Fred Haeberle said...

Pam, I am so impressed with what you and Ed have accomplished as parents, it frustrates me to read this blog entry. You guys have done everything right and accomplished so much it is unfair to ask if you would have done anything different. All decisions were made at a time with only the facts and knowledge available at that time. To do anything different would have required knowledge of the future and some way to know the future results of you decisions.
I think one of the misconceptions of "home schooling" is the imaginary image of un-schooled or untrained parents trying to teach their children.

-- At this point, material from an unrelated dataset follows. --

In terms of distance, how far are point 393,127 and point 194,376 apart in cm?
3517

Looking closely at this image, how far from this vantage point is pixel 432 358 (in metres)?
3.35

Perhaps the lady asking these improper questions was home schooled by untrained parents. At least, it seems like she may have been absent from the "socialization" class when she was in school.
Keep up the good work and don't worry about "what will be." You are all in good hands.

Pam Byrne said...

Dear K.C., Mom, and Fred,

Thanks so much for your kind and thoughtful comments; I really appreciate your support. I think that a lot of special ed personnel really don't know much about autism, and maybe they need parents to teach them. After the meeting was over, I wish I'd found my maternal grandmother's strong voice and let the woman know what I really thought of her questions. ;) I hope she learned something, but my reason for being there was to support the parents, and I think I was able to do that. I hope so.